Representative Experience:

  • Macquarie Capital (USA) Inc. in its successful bid for the right to build FasTracks, Denver's proposed light rail project, which included setting up and negotiating, with Fluor Enterprises, Macquarie's technical partner in the bidding consortium, the agreements relating to the joint venture entity that made the bid. Counseled Macquarie regarding syndication of its interests in the JV
  • Willis Capital Markets & Advisory, exclusive financial advisor to Bermuda-based reinsurer Harbor Point, in Harbor Point's $3 billion merger of equals with Bermuda-based reinsurer Max Capital Group, creating Alterra Capital Holdings Limited, a diversified global insurance company with greater scale, capital, and financial strength
  • Harbinger Capital Partners Funds in the take-private of SkyTerra Communications, a mobile satellite services provider with an enterprise value of approximately $1.849 billion.

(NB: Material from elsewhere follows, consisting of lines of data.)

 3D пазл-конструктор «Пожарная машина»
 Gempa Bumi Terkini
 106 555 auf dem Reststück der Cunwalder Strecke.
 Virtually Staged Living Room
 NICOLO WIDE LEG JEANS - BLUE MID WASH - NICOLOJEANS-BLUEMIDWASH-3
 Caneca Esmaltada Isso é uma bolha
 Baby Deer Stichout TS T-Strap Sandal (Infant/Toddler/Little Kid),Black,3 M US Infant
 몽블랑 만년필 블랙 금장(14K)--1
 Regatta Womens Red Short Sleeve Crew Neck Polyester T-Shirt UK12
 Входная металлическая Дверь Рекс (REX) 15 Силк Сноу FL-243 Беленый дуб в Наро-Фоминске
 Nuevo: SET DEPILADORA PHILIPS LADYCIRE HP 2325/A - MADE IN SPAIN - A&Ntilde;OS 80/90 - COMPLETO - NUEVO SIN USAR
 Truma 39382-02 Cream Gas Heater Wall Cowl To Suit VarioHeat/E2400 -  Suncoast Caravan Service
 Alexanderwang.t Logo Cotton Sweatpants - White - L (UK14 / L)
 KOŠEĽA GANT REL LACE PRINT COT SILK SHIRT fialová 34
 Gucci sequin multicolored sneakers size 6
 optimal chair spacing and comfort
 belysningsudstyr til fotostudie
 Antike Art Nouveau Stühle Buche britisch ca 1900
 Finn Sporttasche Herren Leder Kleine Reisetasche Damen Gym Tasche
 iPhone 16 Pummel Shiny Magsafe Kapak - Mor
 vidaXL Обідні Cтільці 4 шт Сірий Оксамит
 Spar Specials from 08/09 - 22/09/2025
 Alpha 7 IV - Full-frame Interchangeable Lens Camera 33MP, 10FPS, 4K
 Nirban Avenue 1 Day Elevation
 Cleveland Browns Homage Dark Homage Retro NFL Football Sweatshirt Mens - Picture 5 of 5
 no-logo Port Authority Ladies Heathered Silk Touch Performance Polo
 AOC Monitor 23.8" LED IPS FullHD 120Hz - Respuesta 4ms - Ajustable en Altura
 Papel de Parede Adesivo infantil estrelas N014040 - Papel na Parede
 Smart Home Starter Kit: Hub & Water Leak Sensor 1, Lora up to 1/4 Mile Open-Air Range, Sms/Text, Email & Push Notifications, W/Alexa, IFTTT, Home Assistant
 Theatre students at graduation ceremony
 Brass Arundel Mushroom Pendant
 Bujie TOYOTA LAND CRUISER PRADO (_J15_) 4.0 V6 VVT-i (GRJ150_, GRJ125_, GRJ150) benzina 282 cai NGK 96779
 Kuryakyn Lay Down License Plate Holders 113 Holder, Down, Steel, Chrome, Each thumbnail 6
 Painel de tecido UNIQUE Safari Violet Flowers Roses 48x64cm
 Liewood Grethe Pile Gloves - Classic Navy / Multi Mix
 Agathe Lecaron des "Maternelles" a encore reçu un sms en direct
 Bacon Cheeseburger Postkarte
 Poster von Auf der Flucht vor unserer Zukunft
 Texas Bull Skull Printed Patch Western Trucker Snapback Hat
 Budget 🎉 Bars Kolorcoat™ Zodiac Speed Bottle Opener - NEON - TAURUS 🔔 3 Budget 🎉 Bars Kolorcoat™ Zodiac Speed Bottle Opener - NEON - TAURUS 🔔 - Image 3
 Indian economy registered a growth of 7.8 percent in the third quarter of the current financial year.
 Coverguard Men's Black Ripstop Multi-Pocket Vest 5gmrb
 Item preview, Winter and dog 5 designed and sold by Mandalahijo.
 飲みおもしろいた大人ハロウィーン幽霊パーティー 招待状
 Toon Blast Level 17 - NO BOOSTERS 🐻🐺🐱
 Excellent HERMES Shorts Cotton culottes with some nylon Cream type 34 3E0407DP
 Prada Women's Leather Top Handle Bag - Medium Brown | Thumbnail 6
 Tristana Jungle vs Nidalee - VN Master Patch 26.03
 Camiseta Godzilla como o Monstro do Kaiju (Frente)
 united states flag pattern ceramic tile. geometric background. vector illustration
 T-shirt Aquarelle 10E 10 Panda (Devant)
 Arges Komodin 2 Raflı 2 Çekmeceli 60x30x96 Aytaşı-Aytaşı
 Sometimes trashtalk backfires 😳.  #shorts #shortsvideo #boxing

  • Advent International Corporation in the $380 million cash tender offer acquisition of mall-based apparel retailer Charlotte Russe Holding, Inc.
  • BHP Billiton on the sale of its Suriname subsidiary, N.V. BHP Billiton Maatschappij to Alcoa World Alumina LLC
  • General Motors Corporation in its $19.7 billion term loan facility from the United States Department of the Treasury for operations and restructuring and in an additional $1 billion loan facility to finance General Motor's purchase of additional interests in General Motors Acceptance Corporation.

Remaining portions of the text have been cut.